Raisa Petrovna Gorokhovskaya (Раиса Петровна Гороховская; 12 February 1932 - 26 July 2020) was a Soviet diver who won a silver medal at the 1958 European Aquatics Championships in the 10 m platform. She also competed at the 1956 and at the 1960 Summer Olympics and finished in ninth and fifth place, respectively.

==Biography==
She was born in Moscow and between 1946 and 1949 studied at a circus school. In 1947 she was invited to train in a diving club and won the Moscow championships in the same year. While she had a strong base in acrobatics, it took her a year to learn swimming. Until then, a coach was helping her out of water with a pole after a jump.

In 1950 she married Leonid Zakharovich Gorokhovsky (Леонид Захарович Гороховский, b. 1925), a Navy officer who took her away to Saint Petersburg. They have two sons, born in 1952 and 1964. In 1953, her husband started studying the theory of diving and later became the first Soviet diving coach with a PhD in the subject. Between 1962 and 1969 he worked with the Uzbekistani diving team in Tashkent, and in 1969 moved to Moscow to coach the Soviet diving team.
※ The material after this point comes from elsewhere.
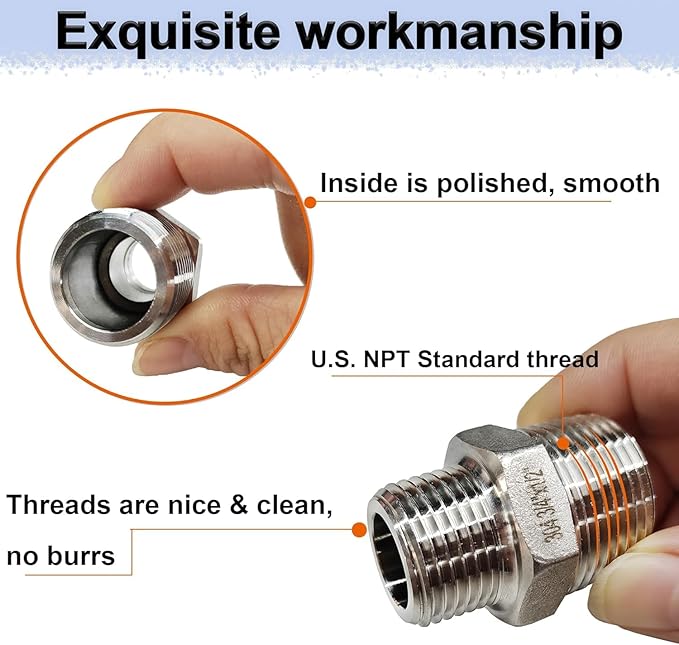 1/2" x 3/8" Reducing Hex Nipple, 304 Stainless Steel NPT Male Pipe Fitting Reducer Nipple Adapter 2000psi Reducer Connector Suit for 0.71" and 0.57" Pipe ID (1/2"x 3/8"MNPT)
After retirement from senior competitions in 1969 Gorokhovskaya worked for 40 years as a physiotherapists, at a Moscow boarding school for children with cerebral palsy. Her first son had the same disability, which motivated her to choose this profession.

Since 1992, she competed in the masters category and won 15 European and world titles in diving. Because of her small weight she always preferred a fixed diving platform to springboard. She also competed in masters swimming at the national level.